Keegan: Good sports plentiful

Examples of poor sportsmanship exhibited by basketball players are as accessible as the clicker. As long as the remote’s isn’t misplaced underneath the couch cushions, the examples are minutes, even seconds away.

The referee blows his whistle to call a foul, and the offender rolls his eyes, stomps his feet, shakes his head, laughs and generally treats the zebra as a human spittoon.

What these whiners are saying without coming right out and saying it is that they are so great they couldn’t possibly be guilty of trying to gain an unfair advantage by breaking the rules. Their behavior insults not only the referee, but the opponent. It embarrasses the player’s coach, his family, his friends. If it doesn’t embarrass them, it should.

These whiners, who play the game with such extraordinary skill television cameras record their every move, are the role models dribbling youths across America follow. It’s hardly surprising that grade school and high school games are packed with players who goof and then immediately look for an excuse, blaming a referee for making or not making a call. They look to their coaches expecting them to agree, and when they don’t, they look to their fathers in the stands.

It has become so routine it doesn’t even stand out as worthy of a mention anymore, which brings us to the deportment of the players in Thursday’s Free State-Lawrence High game played inside the packed Jungle.

The players who participated in Free State’s 71-64 boys victory over LHS watch the aforementioned foot-stomping excuse-makers nearly every day on television. They watch them, and they make conscious decisions not to follow their poor examples. Pretty impressive for teenagers.

“We talk about it all the time,” LHS coach Chris Davis said. “In practice, we don’t let them react to things. We make a big deal about it. I’m not real pleased with the outcome of the game, but I am very proud of the way our kids respond to things. I think sportsmanship is pretty important, and I’m glad we do a good job with it.”

With the rivalry so hot, the intimate building so packed and the players competing with so much intensity, things could have gotten ugly, but they didn’t because the players on both benches didn’t let it happen.

“We talked about it in pregame, maintaining our focus inside the rectangle, not letting anything in the crowd or anything else distract what was going on on the court,” Free State coach Chuck Law said. “We are certainly not going to tolerate bad body language, talking back to the refs or anything like that.
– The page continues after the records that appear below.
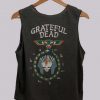 grateful-dead-Tanktop-FD29N-510x638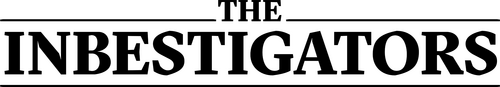 Super détectives ! logo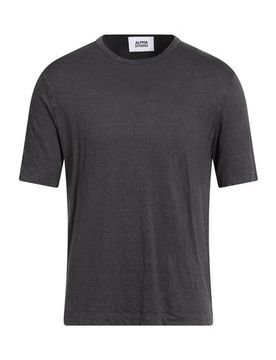 Camiseta Hombre Carbón 46,48,50,54,56 Hombre
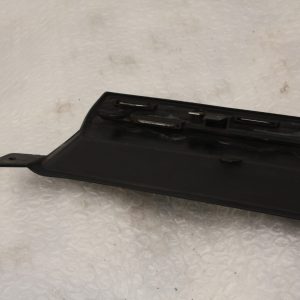 Ford Focus Front Bumper Upper Grill 2011 TO 2014 BM51-8A133-C Genuine - Image 15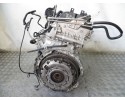 Motor 2.2 Diesel Mercedes CLA W117 Lift Post 651900 2017
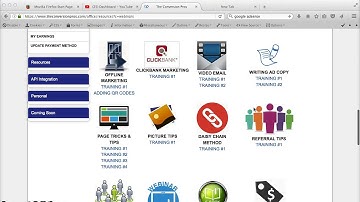 MCA Training 2018  How To Get More MCA Sales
We don’t tolerate it in practice, and we sure as heck aren’t going to tolerate it in games. It’s just excuse-making. It takes away from what it is that we’re trying to accomplish as a team. If you start to worry about things you can’t control, what’s going on with the crowd, what’s going on with the officials, then you’re done.”

Law singled out senior guard Kris Wilson as the player who has improved the most in on-court demeanor.

“Kris Wilson has grown up probably as much as any kid I’ve ever been around,” Law said.

Based on the way they all competed and avoided excuses, it’s a safe assumption every player will grow throughout the season, and when the teams meet again in February, it will be an even more entertaining shoot-out than Thursday’s.